That was easy enough. Thanks! Of course it still doesn't work because some characters don't appear to be UTF-8.
I wrote this code to try to figure out what encoding it is, but for any file with the "special" characters I just get the "Didn't work" message.
#!/usr/bin/perl
use strict;
use warnings;
use Encode::Guess;
undef $/; # slurp on
my $dir = '.';
if (@ARGV > 0) {
$dir = $ARGV[0];
}
opendir DIR, $dir or die "Can't opendir '.': $!\n";
my @files = grep /\.csv$/i, readdir(DIR);
closedir DIR;
Encode::Guess->add_suspects(qw(latin1 cp1252)); # What else?
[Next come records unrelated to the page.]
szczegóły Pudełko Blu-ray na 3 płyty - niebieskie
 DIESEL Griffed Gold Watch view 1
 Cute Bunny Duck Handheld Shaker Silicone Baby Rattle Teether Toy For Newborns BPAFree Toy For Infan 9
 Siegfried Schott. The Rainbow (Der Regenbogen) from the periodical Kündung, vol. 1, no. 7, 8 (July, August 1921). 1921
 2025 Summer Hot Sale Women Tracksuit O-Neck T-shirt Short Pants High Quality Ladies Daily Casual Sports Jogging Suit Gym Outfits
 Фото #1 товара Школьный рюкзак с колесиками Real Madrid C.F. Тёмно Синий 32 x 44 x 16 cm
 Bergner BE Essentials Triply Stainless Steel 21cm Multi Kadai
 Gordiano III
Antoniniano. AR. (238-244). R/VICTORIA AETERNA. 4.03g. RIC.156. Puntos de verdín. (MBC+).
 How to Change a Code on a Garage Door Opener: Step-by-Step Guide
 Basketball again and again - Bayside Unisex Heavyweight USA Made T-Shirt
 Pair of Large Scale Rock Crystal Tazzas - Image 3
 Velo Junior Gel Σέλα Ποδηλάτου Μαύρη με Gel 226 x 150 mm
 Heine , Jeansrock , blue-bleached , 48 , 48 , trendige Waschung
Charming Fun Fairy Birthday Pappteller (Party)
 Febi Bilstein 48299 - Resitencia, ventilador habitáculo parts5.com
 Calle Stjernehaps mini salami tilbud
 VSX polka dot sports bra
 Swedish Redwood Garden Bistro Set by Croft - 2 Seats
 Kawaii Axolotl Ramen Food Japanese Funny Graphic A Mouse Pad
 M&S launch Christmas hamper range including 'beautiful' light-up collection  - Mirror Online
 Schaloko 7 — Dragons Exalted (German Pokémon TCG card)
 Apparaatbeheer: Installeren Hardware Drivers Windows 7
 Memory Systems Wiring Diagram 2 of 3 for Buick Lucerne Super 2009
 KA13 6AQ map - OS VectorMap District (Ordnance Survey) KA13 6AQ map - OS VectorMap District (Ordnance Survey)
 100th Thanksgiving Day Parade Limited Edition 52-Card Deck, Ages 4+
foreach my $file (@files) {
open my $fh, "<:raw", "$dir/$file"
or die "Can't open $!\n";
my $data = <$fh>;
close $fh;
my $enc = guess_encoding($data);
if (ref $enc) {
print "$file: " . $enc->name . "\n";
} else {
print "Didn't work for: $file\n";
}
}
exit;
This file was generated on Windows by exporting from Outlook. The Windows is setup for American English, but the keyboard is Danish. :-/ All the files that DO work are reported with "ascii" encoding (as I expect).